Nos primeiros contatos com as linhas e agulhas, podem ocorrer frustrações intensas, tudo é novo. Afinal, são novos movimentos de coordenação motora fina, mas a criança tem uma força interior imensa e é capaz de superar os desafios e continuar tentando, até conseguir. Utilizando pequenas histórias e metáforas você pode auxiliar a criança a vencer esses desafios e ser cativada pela costura.

Uma historinha que inventei para essas ocasiões é a da fadinha da costura que passa e embola a linha da criança que está muito desconcentrada. Essa historinha me auxiliou muito com um menino de 6 anos que tinha muita resistência com as aulas de costura por pensar que não sabia costurar e que o que eu estava propondo era muito difícil para ele. Ele ficava intrigado com a história e dizia “fadas não existem!”. Eu dizia “existem sim! Na minha imaginação ela me contou que embola as linhas!”. É um exemplo divertido de como podemos ser lúdicos, principalmente nos momentos de dificuldade.

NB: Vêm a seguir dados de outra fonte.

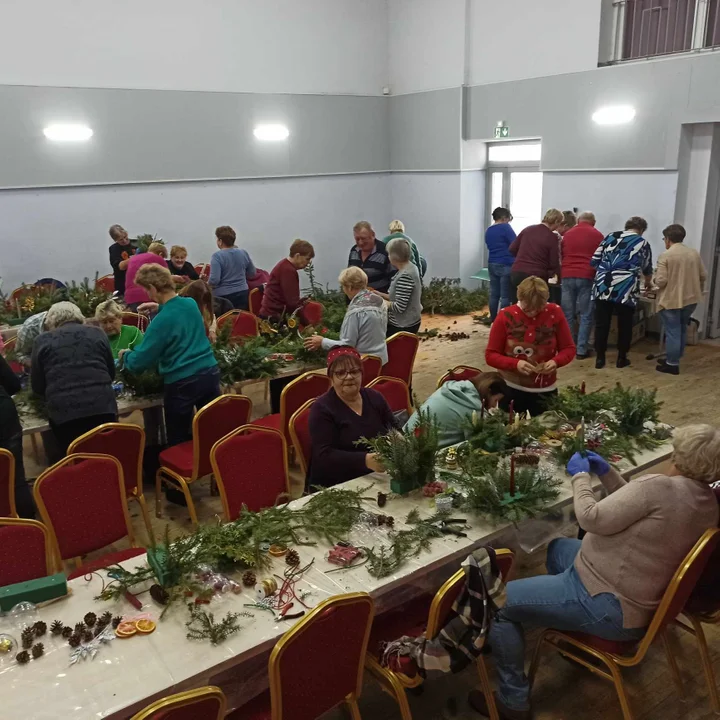 Seniorzy z gminy Trzebieszów zrobili świąteczne stroiki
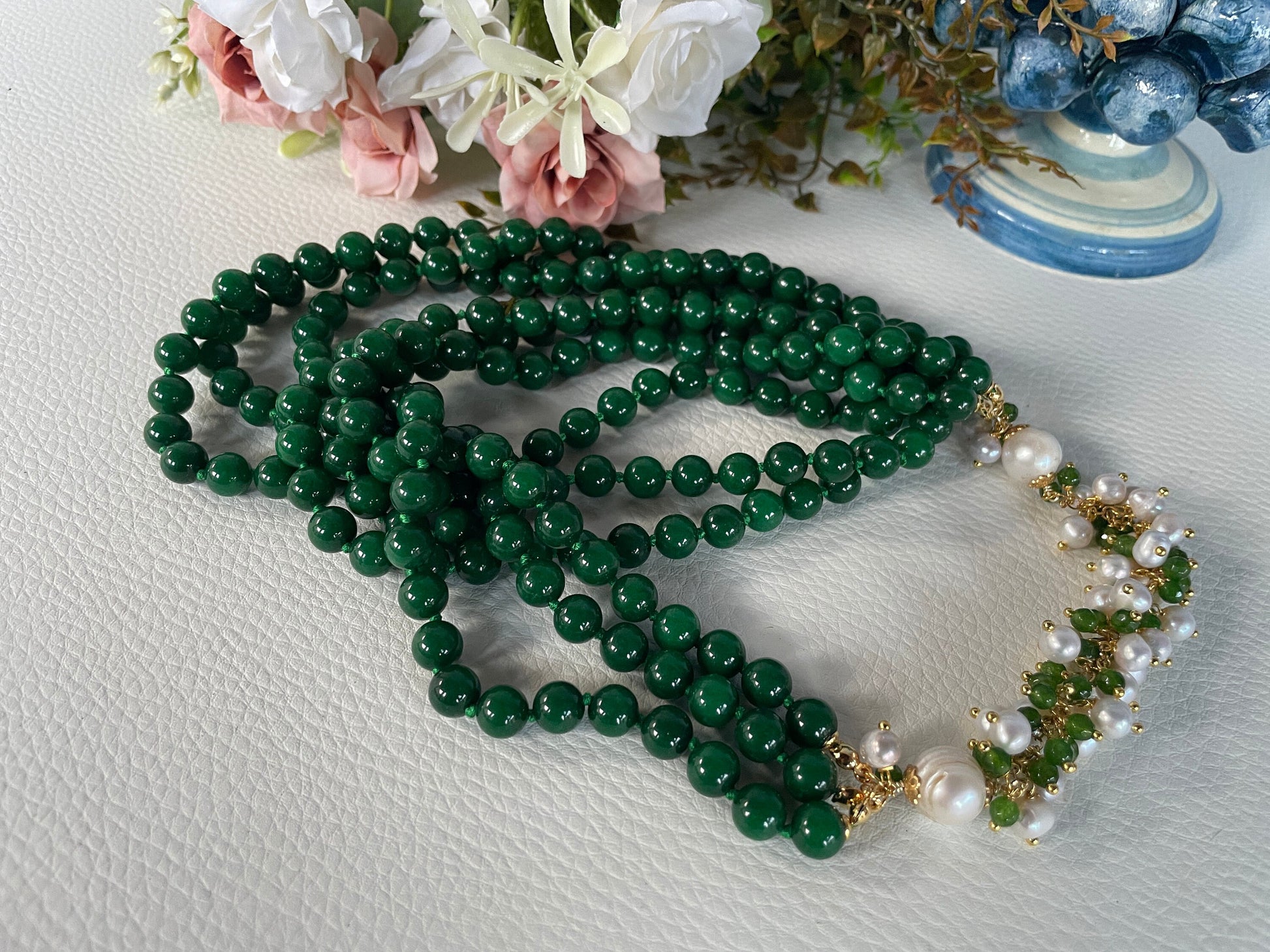 Collana Agata verde, Collana multifilo, collana annodata a mano, collana elegante, collana maxi, collana con grappolo.&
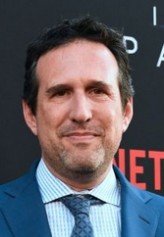 Zack Estrin fotoğrafı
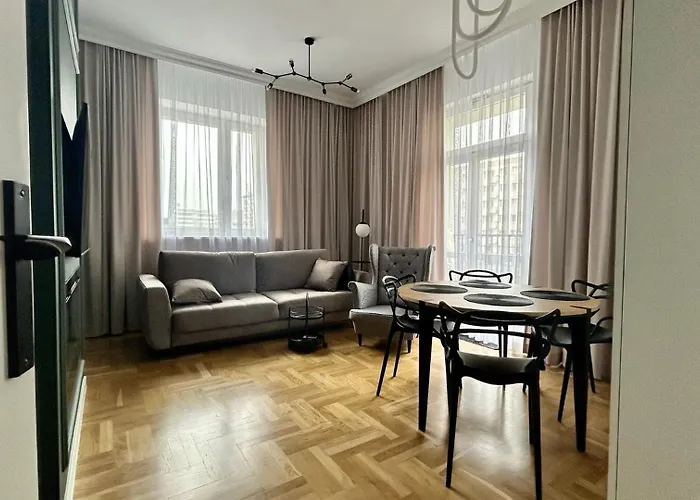 Apartament Warszawa *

Além disso, um conceito que gosto muito é o do “horizonte de significado”, que é a noção de início, meio e fim. Ao confeccionarmos peças com a costura, essa noção fica muito clara na cabeça das crianças. O“horizonte de significado” trás para as crianças a noção de que é preciso um esforço para que as coisas existam no mundo e que elas podem ( e devem) fazer parte desta construção. Com todo o imediatismo das redes sociais e de tudo que nos cerca, as milhões de informações picadas quando passamos os dedos nas telas, não existe horizonte completo, tudo é fragmentado. Perdemos a capacidade de começar e terminar algo, e agora estamos percebendo a importância de retomar. Estamos sentindo vontade de voltar às origens e nos deliciarmos com a poesia do feito à mão.

Tudo isso nos conta que ,ao final de cada projeto, tendo um produto pronto e útil a criança se conecta com o resto do mundo, trazendo a gostosa sensação de pertencimento.

Numa oficina de costura infantil, é importante que as atividades e projetos sejam concluídos, mas o produto final não precisa passar por um “controle de qualidade”. Esse não é o objetivo. É importante respeitar a capacidade de cada criança em cada momento de sua vida.

O importante é o processo e não o resultado.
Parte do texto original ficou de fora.